Would you happen to know what type of Chilobrachys you have? My Chilobrachys "guanxiensis" is by far the most aggressively defensive T I have come across, 7.5" of 8 legged asian fury. I've gotten a obt sling recently though and it's already starting to show a little attitude. 
   What are peoples experiences with T's from down under? I heard that some of them can be really over the top as far as defensiveness goes.


----------



## Chris_Skeleton

I only have NW, but my RCF rosea is ridiculously crazy. It will raise it's abdomen up in the air at you and one of it's back legs just ready to kick at you. Or when you open the container and it's running at you with it's front legs up in the air. It's crazy!!! I'm scared of that thing.


----------



## Fierce Deїty

The most "aggressive" I can think of is Grammostola pulchra.   Man they'll latch into your neck and make a meal out of your carotid artery.


----------



## AlexNorthey

*S.Calceatum*

Hi. I'm getting a S. Calceatum on Saturday. Has anybody got any advice on how I need to keep it? Couldn't find and care sheets so I'm not sure about the humidity and other stuff etc. Thanks


----------



## SRirish

There is a search function on these boards that you can use for your future questions. I would assume you keep featherlegs much like H.macs, I feel they are slightly overrated as far as defensiveness but that by no means makes them pushovers. You'll have a p.o.'ed spider thats super fast and venomous so there is no such thing as being to cautious.


----------



## bloodred1889

gumby said:


> my H. mac is like a puppy I feel some of these species only act defensive if they are not given good tank set ups. My H. mac hides in his moss all day but the one at the pet store near me has nothing to hide in or under and is a little defensive.
> 
> my top 10 of defensive Ts Ive worked with are in no special order:
> 
> Nhandu Chromatus


---------------

really? nhandu chromatus?
i have one and it is not agressive atall, it does shoot its hairs at me
but mostly when i open the tank it just gets out of the way, i even held it when i first bought it.
i call  it it because im not sure which sex it is.
im thinking male because its very long legged.
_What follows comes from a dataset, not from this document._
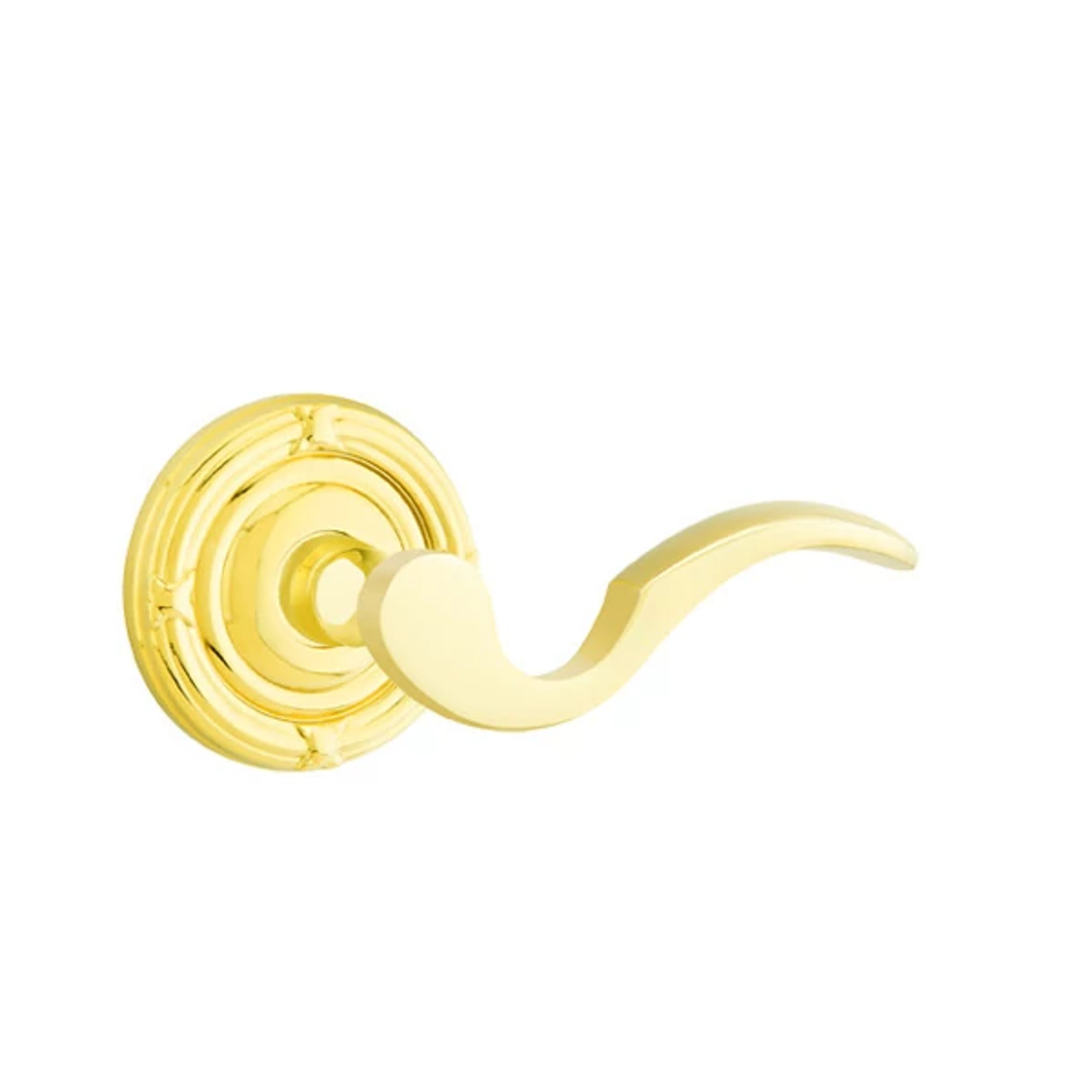 Emtek Concealed Fastener Cortina Lever Set with Ribbon & Reed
this is the pic i put in a thread to get identified and they said it was a nhandu.





in your opinion is it one?

sorry not trying to hyjack the thread im just so suprised you say that species is agressive and on the top ten list! :?


----------



## mcluskyisms

I think _Brachypelma albopilosum_ is the most aggressive tarantula ever!!!

Mine ate my thumb and that......


----------



## Terry D

Fierce Deїty said:


> The most "aggressive" I can think of is Grammostola pulchra.   Man they'll latch into your neck and make a meal out of your carotid artery.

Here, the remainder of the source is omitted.